Showing posts with label journey to the west. Show all posts
Showing posts with label journey to the west. Show all posts

Thursday, April 4, 2013

The Mythopoeic Fantasy of Journey to the West: China’s Monomyth - Part II


(The following is the second part of the essay "The Mythopoeic Fantasy of Journey to the West: China’s Monomyth".  Part I can be found here.)

Campbell, an advocate of Freudian symbolism and Jungian archetypal theory, believed that myth, folktales, legends, and all other manner of lore and tales are the poetics of the imagination, “the secret opening through which the inexhaustible energies of the cosmos pour into human cultural manifestation” as he states in his treatise on the subject, The Hero with a Thousand Faces (3).  Produced naturally by the psyche, symbols and archetypes reveal themselves in the colors of the culture they are associated with, customs, dance, music, visual arts, and stories included.  Greek mythology remains a unique sub-genre of stories, for example, but if one strikes at their core they will find elements, symbolism, and archetypal patterns common to world mythology.  At this degree of commonality, myth and mythology are thus creative manifestations of humankind’s universal need to explain psychological, social, cosmological, and spiritual realities, and as such “[h]umanity lives in one shape-shifting yet marvelously constant story.”
The constancy of this “one story” cannot be underestimated, according to Campbell, who writes it is “a magnification of the formula represented in the rites of passage: separation-initiation-return: which might be named the nuclear unit of the monomyth.” (Hero 30).  While he extends his argument to elaborate upon seventeen individual steps, the first phase, “separation or departure,” is the severance of the hero from their relative group, or as he states it in more psychological terms: “the retreat from the world scene of secondary effects to those causal zones of the psyche where the difficulties really reside.” (30).

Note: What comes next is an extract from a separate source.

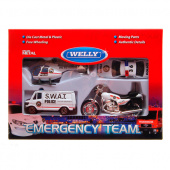 Welly 98630-4A Велли Игровой набор "Служба спасения - полиция" 4 шт. фото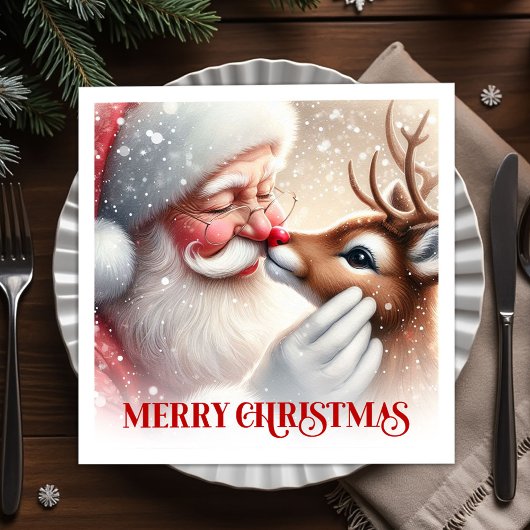 Classic Santa Rudolph Xmas Celebration Napkins スタンダードカクテルナプキン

Taken from their zone of comfort, the individual faces the unknown within themselves.  The second phase, “the trials and victories of initiation,” is the struggles of the hero in their new found predicament and subsequent triumph over the problems encountered: the “clarification” and  “eradication” of difficulties.  Facing the unfamiliar, the individual is thus tested and succeeds in overcoming the difficulties.  The third phase, “the return and reintegration with society,” is the transfigured return of the hero to his respective group and his acceptance by them.  Thus in Jungian terms, the result can be expressed as “individuation,” or the individual’s “break through to the undistorted, direct experience and assimilation of […] archetypal images”: the universal human (Hero 17).  Campbell sums up the monomyth with the following:

The Mythopoeic Fantasy of Journey to the West: China’s Monomyth - Part I


With thousands of years of recorded history and a rich and varied literary tradition which draws upon one of the world’s longest evolving written languages, it is no surprise myth and fantasy are integral parts of Chinese literature, past and present.  From this tradition, four works have been chosen as the ‘four greatest novels in Chinese history.’  It is interesting to note that of these epic-length novels, one contains light elements of Daoist fantasy—more mystical than supernatural—while two others use stronger elements: the motifs of super-human ability, pre-cognition, and supernatural connection with nature are present in varying degrees throughout the works.  Relatively unknown to the West, the fourth novel, Journey to the West, is, however, a ‘full blown fantasy of epic proportions’ in the most literal sense of the expression.  Suffuse with elements of animal fantasy, ghost fantasy, magic-adventure fantasy, and the strongest of all, mythopoeic fantasy, it is arguably one of the greatest fantasy novels ever written.
First recorded on paper in the 16th century, there is much confusion as to who the real author is, consensus falling upon Wu Chengen for lack of decisive proof.  Based on the true story of a Chinese monk who was sent by the emperor to India to retrieve Buddhist sutras, Journey to the West is the literary result of generations of street corner historical recollection, legend building, and tale swapping—“a string of stories that developed over many hundreds of years,” sparking the confusion over authorship (Journey 2322).  In a country prizing their street corner raconteurs, artistic license in making each episode more fantastic than the next became the norm, and the story became a “collective creation by professional entertainers” (2332).  Taels of silver traded for dexterity of tongue, it is perhaps no surprise the centuries yielded a story 100 chapters long and more than 2,300 pages (W.J.F. Jenner’s English translation).  Passed on orally in a predominantly illiterate population, it has since enjoyed immense popularity by the educated in written form as well.  Following the influx of Western technology in China’s post-Mao years, a lengthy television series was filmed.  Adhering closely to the book, it has maintained its charm and continues to win the hearts of the Chinese, the series in heavy rotation on several television stations at all times of the year.  There is not a person in China who does not know the name of the main character, Sun Wukong.